Example Configuration

• galactic
• humble
• jazzy

• Warning

  ROS 2 Galactic is no longer supported. Please consider upgrading to a newer release

  There is currently no example for Galactic.

• 2 Robots and 1 User Computer

  Recommended Architecture

  Each robot is always configured with its own discovery server. This allows each robot to operate independently even if the WiFi is disconnected. Since there are two robots and therefore two discovery servers in the system, the discovery servers must be assigned unique server IDs. In this case, the first robot will be assigned server ID 0 and the second robot will be assigned server ID 1. Similarly, the robots need unique namespaces in order for their topics to be distinguished from each other. In this case they will be assigned as /robot1 and /robot2.

  Although both robots are present in the same system, this example will not include direct inter-robot communication. Each robot's discovery server will be isolated from the other. Instead, the robots will both communicate with the user computer which can be thought of as a command center. This allows for the number of robots to be scaled up while minimizing the load on the network.

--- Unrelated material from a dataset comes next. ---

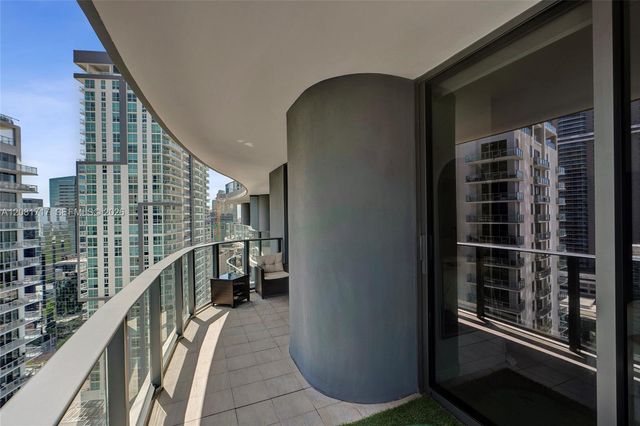 1000 Brickell Plaza 3105, Miami, FL 33131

  The user computer will connect to both discovery servers, allowing the user computer to see all of the ROS nodes / topics from each of the robots. Each of the robots will be able to see all of the ROS nodes / topics from the user computer as well. This allows the user computer to send commands to each of the robots, coordinating the system and sharing information across the fleet as necessary.

  Although one could run another discovery server on the user computer, this would add significant load on all of the robots unless done in such a way that the server was isolated from the robot servers. This is not recommended for most use cases.

  Example Robot Setup

  Robot 1	Robot 2
  ROS Setup → Bash Setup ROBOT_NAMESPACE [/robot1] ROS Setup → Discovery Server Enabled [True] Onboard Server - Port [11811] Onboard Server - Server ID [0] Offboard Server - IP [] Offboard Server - Port [11811] Offboard Server - Server ID [1] Wi-Fi Setup Wi-Fi Mode [Client] SSID [my_ttb4_network] Password [secure_password] Band [5GHz] IP Address [] DHCP [True]	ROS Setup → Bash Setup ROBOT_NAMESPACE [/robot2] ROS Setup → Discovery Server Enabled [True] Onboard Server - Port [11811] Onboard Server - Server ID [1] Offboard Server - IP [] Offboard Server - Port [11811] Offboard Server - Server ID [1] Wi-Fi Setup Wi-Fi Mode [Client] SSID [my_ttb4_network] Password [secure_password] Band [5GHz] IP Address [] DHCP [True]

  Example User Computer Setup

  From the robot configuration the robot server IDs and the ROS Domain ID are known, and from the robots themselves or the router the IP addresses are known. It is recommended that the robot IPs be reserved on the router so that they always remain the same and this process does not need to be repeated. Running the user computer configuration script as described above, would look as follows:

  ROS_DOMAIN_ID [0]: 0
  Enter the information for the first discovery server
  Discovery Server ID [0]: 0
  Discovery Server IP: 192.168.131.5
  Discovery Server Port [11811]:
  Re-enter the last server (r), add another server (a), or done (d): a
  Enter the information for the next discovery server
  Discovery Server ID [0]: 1
  Discovery Server IP: 192.168.131.6
  Discovery Server Port [11811]:
  Re-enter the last server (r), add another server (a), or done (d): d
  Configuring:
   ROS_DOMAIN_ID=0
   ROS_DISCOVERY_SERVER="192.168.131.5:11811;192.168.131.6:11811;"
  [sudo] password for cpr-1234:
  Source your ~/.bashrc file to apply changes
  

• 2 Robots and 1 User Computer

  Recommended Architecture

  Each robot is always configured with its own discovery server. This allows each robot to operate independently even if the WiFi is disconnected. Since there are two robots and therefore two discovery servers in the system, the discovery servers must be assigned unique server IDs. In this case, the first robot will be assigned server ID 0 and the second robot will be assigned server ID 1. Similarly, the robots need unique namespaces in order for their topics to be distinguished from each other. In this case they will be assigned as /robot1 and /robot2.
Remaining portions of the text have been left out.